How to grow a chocolate tree (and muscle in on Côte D’Ivoire as the world’s top cacao producer).
3 easy steps
First, befriend a swarthy Ecuadorian farmer whose Willy Wonka grove is bisected by the pale though torrid line known as the equator (a line so pale that no one has yet to see it, so torrid that your mint-chocolate-chip ice cream melts before it hits the bowl). Second, beg for seeds. Third, plant them and start planning your empire.

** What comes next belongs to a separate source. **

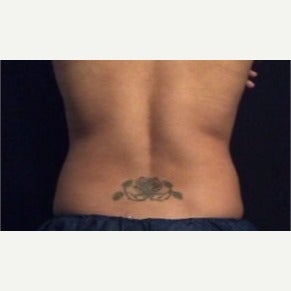 25-34 year old woman treated with CoolSculpting after 2010032
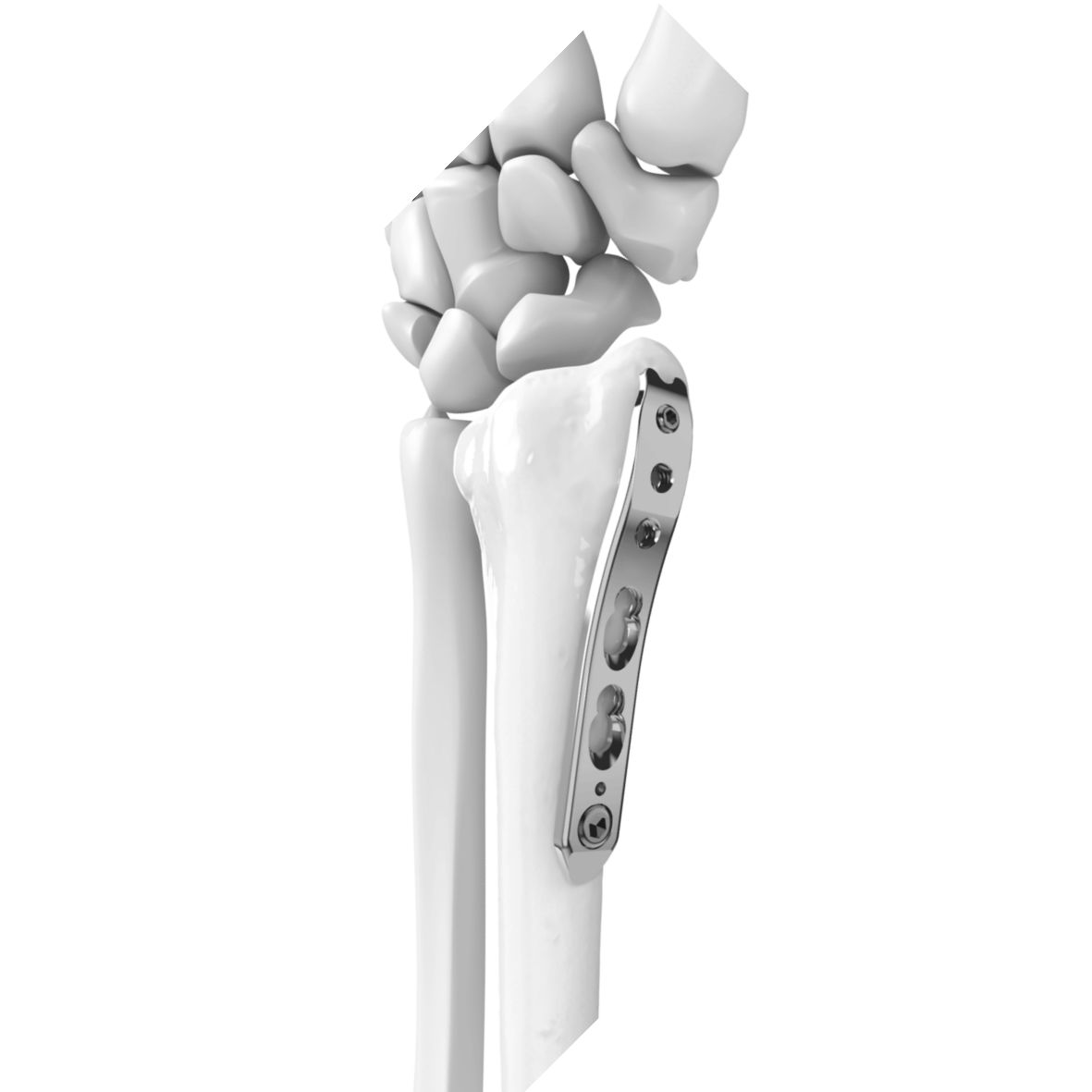 Distal-Radius-Straight-banner-1024x768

But how will Cadbury deal with having to bring another cacao producer into the fold? Outstanding question. So I asked an expert. And since the nearest Cadbury office is several parsecs from the muddy outskirts of my garden patch, I settled for the next best thing: I asked an esurient, ponytailed girl who was sitting on a park bench, happenstantially and rapturously partaking in the pleasure that attends the manifold rituals associated with decimating a candy bar, the silvery wrapper glinting in the sunlight and seeming to somehow connect, for several incomprehensible moments, with a distant galaxy, her lips smothered with heavenly milk chocolate–in the selfsame way a cherub’s lips would be bespattered!–and her damask-tinged face radiating pure joy. So I asked her, “What’s the lowdown on new chocolate producing countries?” She smiled, arrantly, and left.
You are probably asking yourself what there is to learn from such an encounter. And the answer is patience. For patience is the stuff dreams are made of (I hate it when Humphrey Bogart steals and then mangles, with pitiless efficacy, my best lines). But enough of the Maltese Falcon. And come to think of it, maybe that bird was made of chocolate!